The Memory receives instruction requests from the Instruction Fetch Unit and Read/Write requests from the Memory Access Unit and, as appropriate, either returns the contents of the requested memory word to the requesting unit or updates it. It checks for invalid addresses, and sets an error flag in the Scoreboard if either occurs. The size of each array is determined by parameter of the Memory entity, set to 256 as a default.

The Registers

The Registers are defined in a similar way to the Memory. Each word in the Main Registers array contains an index number field, a data field and a 'Busy Bit' field. All the data and Busy Bit values are initially set to zero. Main Register 00 is read-only, i.e. writing to it has no effect.

Data Hazards

Data Hazards occur when, for example, an instruction requires the result of a previously issued but as yet uncompleted instruction. Occurrences of these hazards are displayed by a separate Data Hazards entity in the HASE model.

Data hazards are handled through Use bits. Each register has a Use bit which is set when an instruction that will write to the register is issued and reset when the result is written to the register. In the HASE MIPS model the registers are implemented as C++ structs with two fields: Use bit and value. In the Register Display Window shown in Figure 3, for example, Register 5 has its Use bit set and has a value of 16, while all the others are in the reset state. Before accessing a source or destination register, the Instruction Decode Unit invokes a class in the Registers entity which reads the relevant Use bit. If the Use bit for a Register required as a source operand is set, then there is a RAW hazard, as shown for Register 5 in the Data Hazards Display window. If the Use bit for a Register required as a destination operand is set, then there is a WAW hazard.

The Pipeline Display

The animation facilities of HASE allow the user to observe the state of each pipeline entity (Void, Active, Held) and the contents of the memory and registers, and to see instruction/data packets moving between entities. Once these packets have arrived, however, the user can no longer see which instruction is in which unit. Displaying an instruction within or close to the corresponding icon would be possible (c.f. the PC and PPC values) but would clutter the display. A separate Pipeline Display entity is therefore used to allow the user to follow the progress of instructions through the pipeline.

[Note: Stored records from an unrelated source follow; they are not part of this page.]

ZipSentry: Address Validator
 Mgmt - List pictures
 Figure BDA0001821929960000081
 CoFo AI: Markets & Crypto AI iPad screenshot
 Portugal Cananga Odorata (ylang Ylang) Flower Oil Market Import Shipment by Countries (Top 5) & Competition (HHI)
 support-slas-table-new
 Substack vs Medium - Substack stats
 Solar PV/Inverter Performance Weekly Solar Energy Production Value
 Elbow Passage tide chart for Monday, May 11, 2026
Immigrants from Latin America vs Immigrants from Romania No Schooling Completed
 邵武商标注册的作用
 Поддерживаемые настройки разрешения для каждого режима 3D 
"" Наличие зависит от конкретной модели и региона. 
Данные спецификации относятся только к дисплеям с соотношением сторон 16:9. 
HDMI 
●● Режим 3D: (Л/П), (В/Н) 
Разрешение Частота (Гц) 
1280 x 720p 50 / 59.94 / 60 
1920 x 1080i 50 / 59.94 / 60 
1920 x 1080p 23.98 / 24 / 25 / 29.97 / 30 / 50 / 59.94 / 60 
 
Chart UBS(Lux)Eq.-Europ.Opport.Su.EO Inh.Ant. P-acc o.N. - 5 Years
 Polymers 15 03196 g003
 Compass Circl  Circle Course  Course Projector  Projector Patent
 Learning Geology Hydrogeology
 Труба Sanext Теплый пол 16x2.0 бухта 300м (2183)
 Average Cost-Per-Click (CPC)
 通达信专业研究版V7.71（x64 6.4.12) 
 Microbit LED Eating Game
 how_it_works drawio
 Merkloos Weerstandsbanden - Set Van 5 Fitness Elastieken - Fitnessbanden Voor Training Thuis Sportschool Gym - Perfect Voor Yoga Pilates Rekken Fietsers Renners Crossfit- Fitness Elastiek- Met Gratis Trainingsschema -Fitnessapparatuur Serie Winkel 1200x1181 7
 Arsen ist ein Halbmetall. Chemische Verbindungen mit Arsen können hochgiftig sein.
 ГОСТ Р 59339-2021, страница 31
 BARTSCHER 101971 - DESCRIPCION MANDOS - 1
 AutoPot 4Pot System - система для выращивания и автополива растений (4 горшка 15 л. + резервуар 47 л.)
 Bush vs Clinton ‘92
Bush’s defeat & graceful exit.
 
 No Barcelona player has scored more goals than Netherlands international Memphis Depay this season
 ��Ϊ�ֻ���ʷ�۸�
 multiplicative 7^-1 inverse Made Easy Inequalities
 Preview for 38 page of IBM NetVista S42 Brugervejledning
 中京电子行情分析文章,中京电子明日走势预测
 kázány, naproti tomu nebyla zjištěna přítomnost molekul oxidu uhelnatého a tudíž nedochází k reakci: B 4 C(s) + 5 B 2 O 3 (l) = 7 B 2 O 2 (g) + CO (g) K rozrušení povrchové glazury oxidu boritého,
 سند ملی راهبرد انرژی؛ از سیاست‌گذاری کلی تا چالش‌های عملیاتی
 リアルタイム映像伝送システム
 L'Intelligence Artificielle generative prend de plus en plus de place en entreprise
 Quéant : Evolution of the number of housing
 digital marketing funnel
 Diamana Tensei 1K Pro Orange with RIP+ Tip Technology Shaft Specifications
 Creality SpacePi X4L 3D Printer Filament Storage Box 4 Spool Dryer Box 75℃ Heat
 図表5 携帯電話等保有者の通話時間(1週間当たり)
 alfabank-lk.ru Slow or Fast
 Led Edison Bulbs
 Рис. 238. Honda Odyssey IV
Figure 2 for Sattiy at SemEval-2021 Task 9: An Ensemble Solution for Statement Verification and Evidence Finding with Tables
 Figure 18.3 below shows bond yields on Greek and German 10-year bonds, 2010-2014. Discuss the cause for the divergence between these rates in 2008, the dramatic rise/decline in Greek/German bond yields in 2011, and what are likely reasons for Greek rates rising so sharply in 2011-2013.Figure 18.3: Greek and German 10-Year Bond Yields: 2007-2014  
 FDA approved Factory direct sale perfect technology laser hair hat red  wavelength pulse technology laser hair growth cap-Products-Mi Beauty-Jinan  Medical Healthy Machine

At the start of Clock phase 0 each pipeline entity sends an (untraced) packet to the Pipeline Display entity containing a copy of the instruction and status fields from within its own input packet. If the instruction is valid, the Pipeline Display entity 'prints' the instruction to the appropriate place on the screen; if the instruction is not valid it prints 'VOID'.

Demonstration Program

When first loaded, the model contains a program in its Instruction Memory which finds all prime numbers between 0 and 15. The Data Memory is initilised with the numbers 0 to 15. The program has two nested loops. The inner loop sets values in memory which are multiples of n (held in R1) to zero; n (initially set to 1) is incremented at the start of each iteration of the outer loop. The program ends when n reaches the limit of 15 set in R2. The non-zero numbers remaining in memory are prime numbers. The program runs for 615 clock cycles.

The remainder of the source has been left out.